The decision put forward as part of South Australian Government’s stamp duty reforms has generally been a positive one, particularly in the real estate sector where the move was heralded as a “green light for investment”.

So far the other states have held off on following South Australia’s lead, principally due to the greater loss of revenue they would suffer without a replacement revenue stream. This is understandable - with approximately 6,000 commercial and industrial property transfers occurring annually in South Australia, it is estimated the scrapping of stamp duty is to cost $389 million over the three year phase out period alone. For other states this cost may seem too great to bear, especially at a time when change to GST (the likely potential replacement revenue stream) is such a contentious issue between governments at both a state and federal level. 

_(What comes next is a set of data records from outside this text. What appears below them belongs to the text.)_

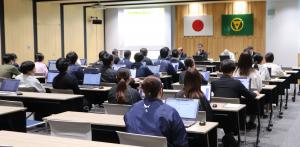 予算編成会議の様子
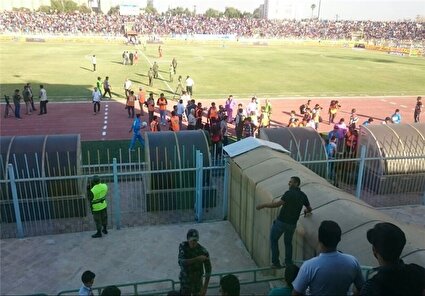 ببینید / ورود هوادران سرخابی به ورزشگاه از روی فنسها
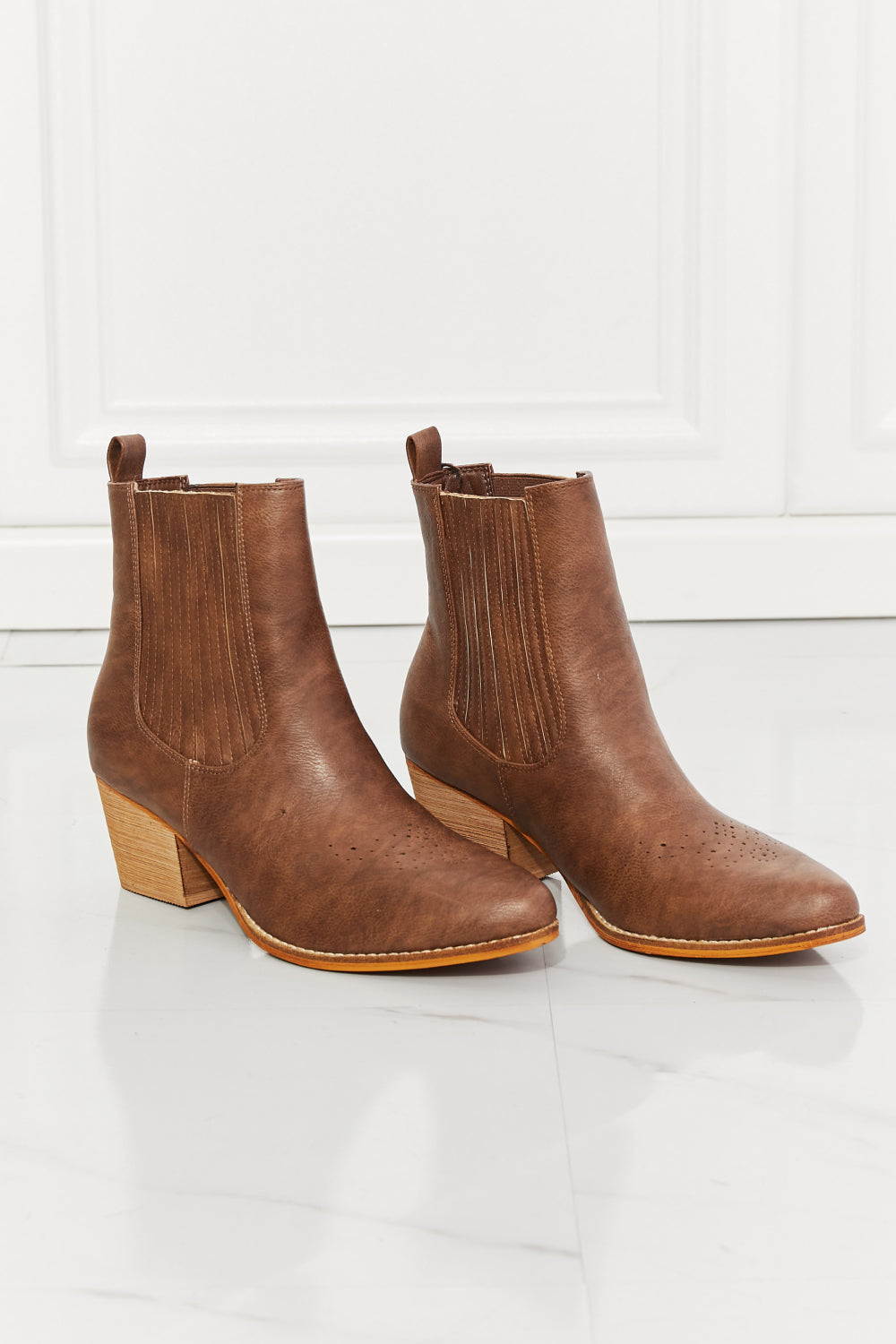 MMShoes Love the Journey Stacked Heel Chelsea Boot in Chestnut Trendsi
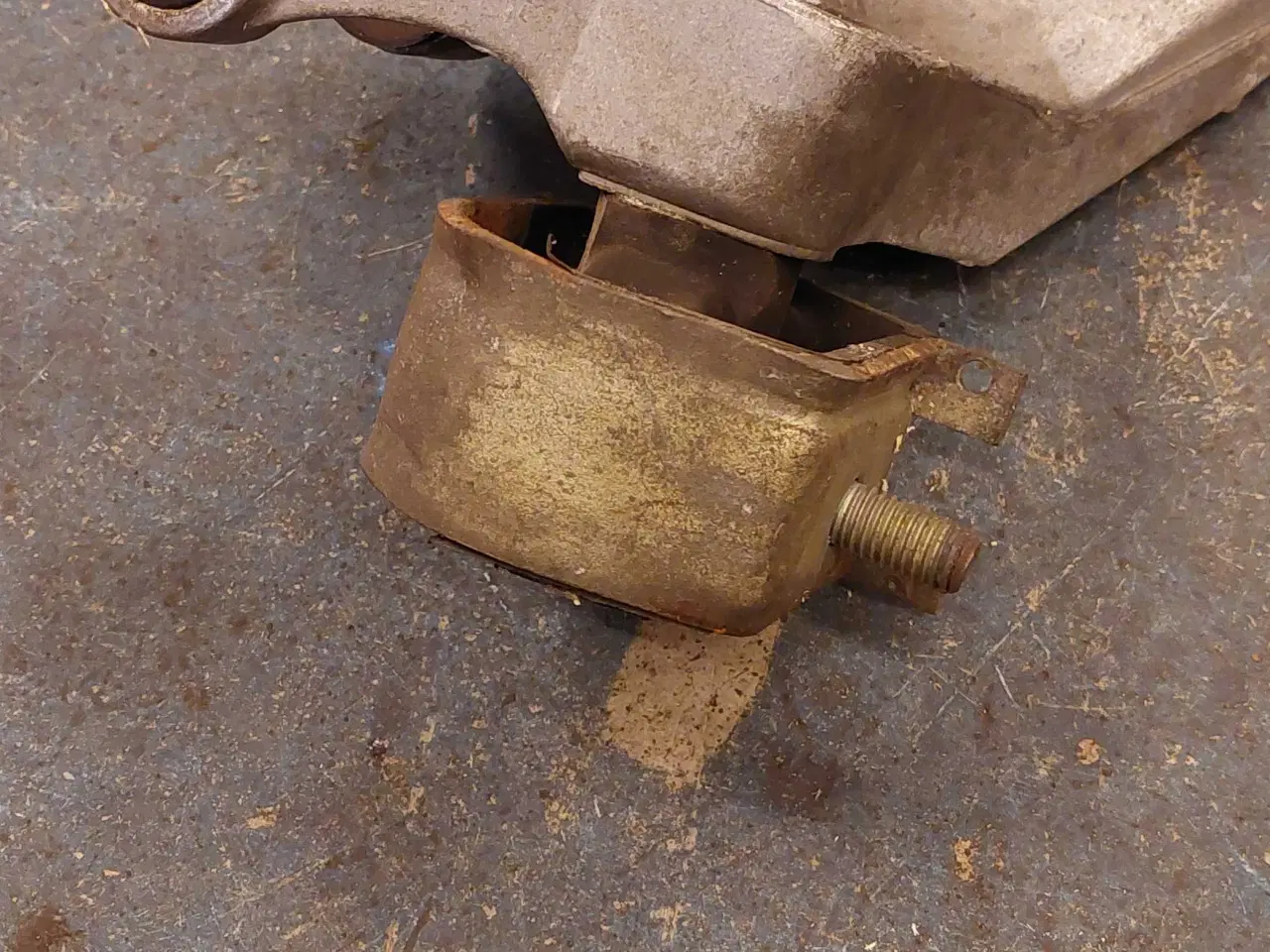 Billede 1 - 1 stk motorophæng og beslag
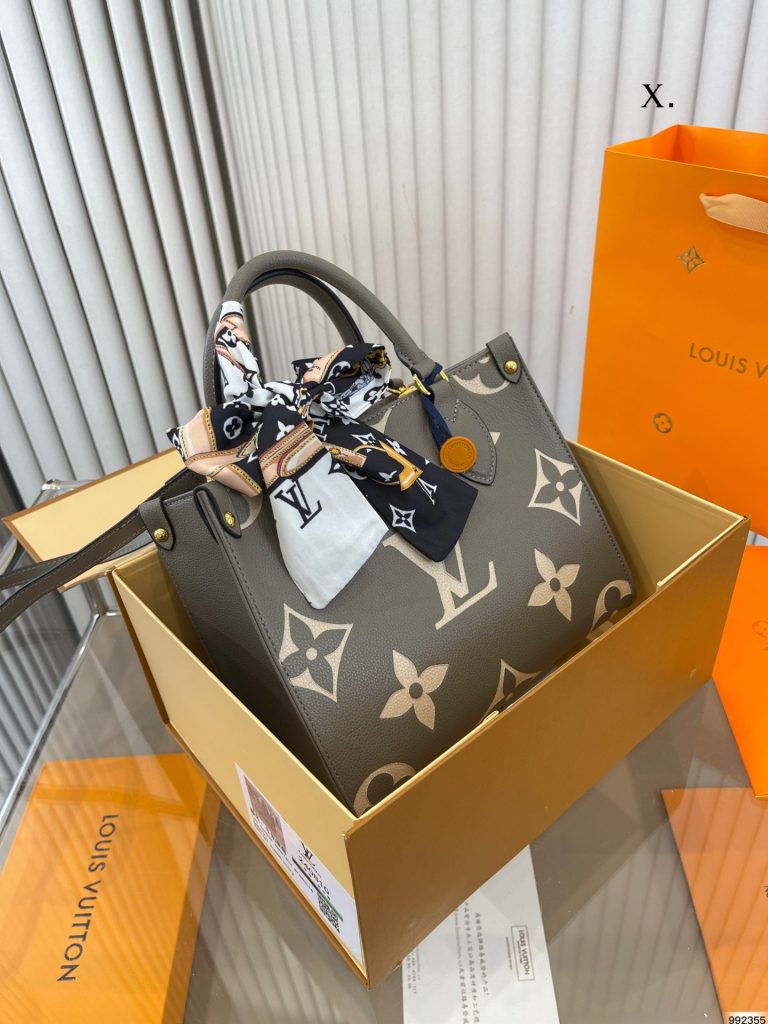 FashionReps Bags 07YAA10530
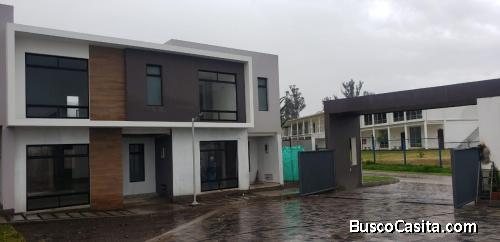 Se vende casa de 3 dormitorios en la Armenia 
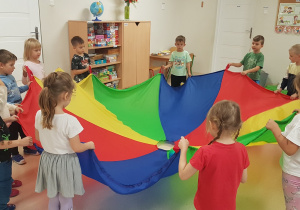 Zabawy z chustą animacyjną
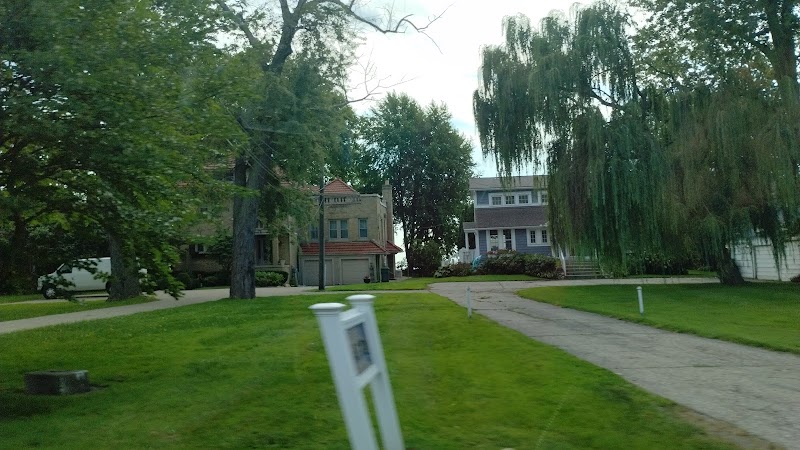 Veterans Memorial Park Parking - St Clair Shores,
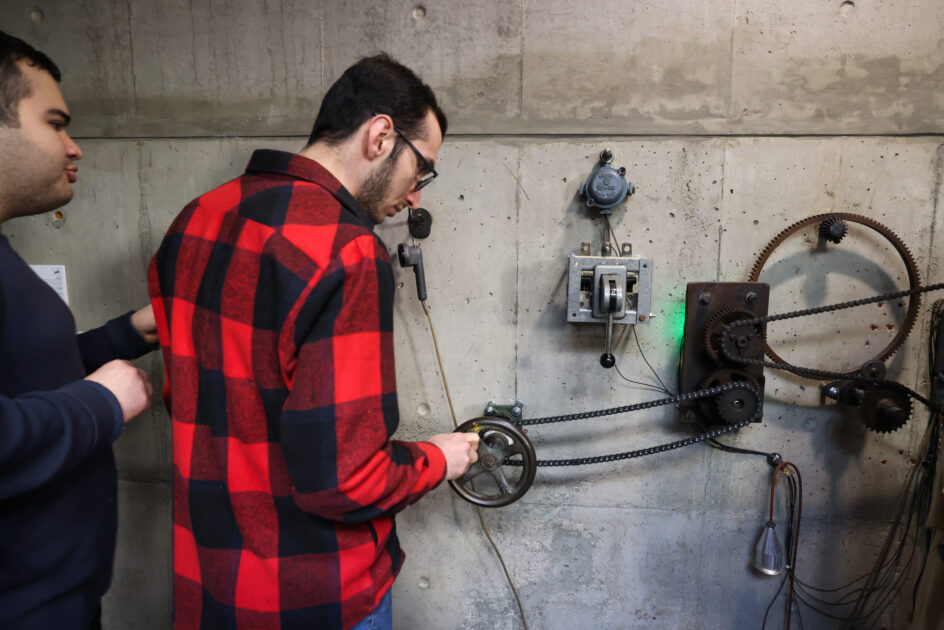 In a century-old building in Tehran, a man turned the dial of a vintage radio to tune into some of Iran's earliest recordings.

The South Australia State Government nonetheless concluded the duty abolition worthwhile. Premier Jay Weatherill has professed the cuts as making the state ‘a more competitive place to do business’ and, at this stage, while South Australia remains the only state or territory undertaking such dramatic taxation reform, it should provide a competitive advantage, assisting to attract capital investment and reinvigorate economic growth. 

This advantage however may be lost before it is ever felt. Some in the industry point out the decision to gradually abolish the tax has created an imminent danger of a ‘handbrake’ effect on commercial real estate transactions over the next two years. It is thought commercial property investors may see genuine merit in waiting for the clock to tick over to ensure the maximum benefit is gained, effectively stalling development at a time when economic stimulus is desperately needed. Alternatively, where the cuts do perform, other states may decide they like what they see occurring in South Australia and could easily implement immediate duty reductions. Thus rendering our three year phase out old news and taking with it the tax incentive of doing business in South Australia.

Regardless of one’s view it is evident governments at all levels, as well as those in the property industry, will be closely watching how South Australia’s reforms play out.